Securely Streaming: Enhancing Media Transport in IP Networks with Trust Boundary

So, you’re transitioning from traditional legacy media interfaces like ASI and SDI to the world of IP workflows. Congratulations on embracing IP networks’ power and flexibility for media transport!

As you’ve undoubtedly experienced, mastering the art of building and optimising IP networks for media transport is no small feat. The benefits are undeniable, but along the way, you may have encountered a few challenges, mainly when dealing with the transmission of flows from your local in-house environment to other remote locations or entities. Unlike the more straightforward point-to-point coaxial or fibre connections of ASI and SDI, IP workflows introduce a new layer of complexity.

SDI and ASI transport was simpler to manage as they provided a distinct handoff point. You must carefully plan and design the entire network from content source to destination. This involves meticulous physical network planning, establishing a logically segregated network for media, and grappling with IP address planning and complexities. Moreover, the importance of network security cannot be overstated, especially in today’s ever-evolving threat landscape.

In this article, I’ll address some common challenges related to sending linear transport streams from a source entity to a destination entity via a 3rd party WAN connection, whether a private or shared network.

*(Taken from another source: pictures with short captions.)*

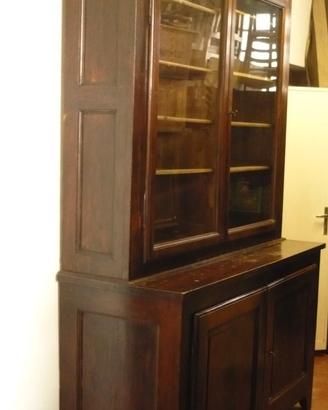 antica libreria fine 700/primi 800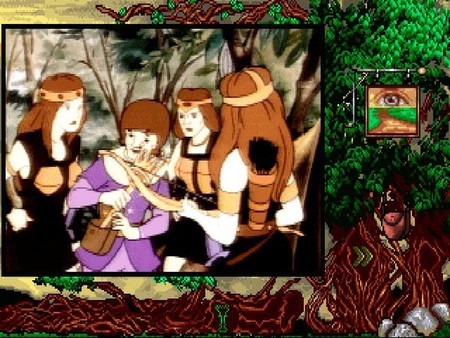 Kingdom: The Far Reaches screenshot 11
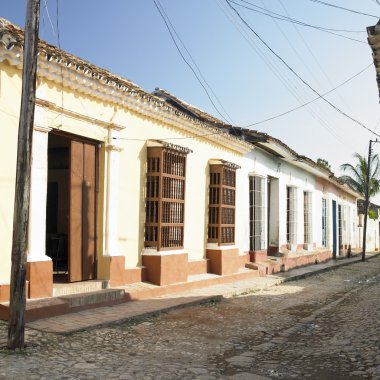 Trinidad, Küba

Let’s dive right in and explore the exciting yet intricate world of IP-based media transport.

Why Should You Be Concerned?

To better grasp some of the issues that I’m about to explain, let’s envision a scenario where you must transmit an IP video transport stream, as an example operating at around 40Mbps, from a production studio over an IP network provided by a third-party link provider to a distribution head-end or uplink site.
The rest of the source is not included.